К книге
Тетради из полевой сумкиСтраница 78
98%
Страница 78
78

В соседней палате лежит какой-то остроумец. Вчера он просил перевести его в отделение для психических, а сегодня просит врача:

— Прикажите сестре сделать мне укол морфия.

— Что у вас болит?

— Я испытываю мучительную боль при воспоминании об одной девушке!

Просматриваю старые записи в своих тетрадках.

В этих записях, вероятно, есть наивность провинциала, так как я не был свидетелем боев на главных направлениях Отечественной войны. Если бы мне пришлось там воевать, возможно, что с моим стремлением все видеть самому и все знать я бы уже лежал в братской могиле или попал бы в окружение. В лесисто-болотистой местности такой опасности меньше.

Я не получил ни одной царапины. Но снарядом задело самое для меня драгоценное — память. Дефекты памяти делают для меня литературу вечно свежей. В который раз я перечитываю «Героя нашего времени» и почти на каждой странице испытываю внезапную радость новизны.

17 апреля.

Милая, добродушная, добрая сестра с цветущим цветом лица умывает по утрам тех, кто не может делать это сам. У меня трясутся руки — я несколько раз облил самого себя и даже подушку. Два раза сестра должна была переменить мне рубашку, потом стала умывать меня сама. Она так сурово, невкусно, грубо обтирает мое лицо мокрым полотенцем, словно пытается стереть на лбу след от своего нечаянного поцелуя. При этом она проделывает все это слишком рано, будит меня, в то время как я мог бы еще спать и не чувствовать свою дикую головную боль.

При утреннем обходе я попросил сегодня врача:

— Доктор, нельзя ли утреннее умывание заменить стаканом столового вина перед обедом?

Раненый, лежавший за моими ногами, как прямое мое продолжение, расхохотался, потом утробно застонал, чуть не матернулся, но вовремя себя оборвал и попросил врача:

—■ Скажите ему, чтоб не смешил — мне никак невозможно смеяться,— больно!

В соседней комнате, куда никогда не закрывается дверь из нашей палаты, много загипсованных тяжелораненых. Стонут мало, но часто ужасно кричат при переворачивании или при перекладывании с носилок, когда их уносят и приносят из перевязочной.

У нас в палате три кровати, а в соседней — больше десяти. Там некоторые раненые лежат с «самолетом»: рука загипсована в поднятом положении и в гипс вмонтирована палка, упирающаяся в бок раненого или в его бедро так, чтобы рука заживлялась в положении крыла и не сломала бы гипс.

Из соседней палаты до нас доходит удручающий запах пропитавшегося гнойными выделениями гипса и мокнущих в сукровице бинтов.

Один из раненых офицеров почти непрерывно матерится и дико орет от боли.

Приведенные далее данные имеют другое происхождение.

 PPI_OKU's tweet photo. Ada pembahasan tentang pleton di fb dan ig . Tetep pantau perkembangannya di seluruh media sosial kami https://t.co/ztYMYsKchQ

У него загипсованы обе ноги и вокруг поясницы — гипсовый корсет, закрывающий и живот. Несчастный лежит раскоряченный: между ног вмонтирована палка-распорка, чтобы ноги не соединялись. Крепкий, рыжий, здоровый, но лицо мучительно напряженное, даже когда он спит.

Все-таки я попросил врача, чтобы меня не будили утром, не тормошили бы для умывания. Ведь перерыв до завтрака так велик, что я успеваю опять заснуть после этого.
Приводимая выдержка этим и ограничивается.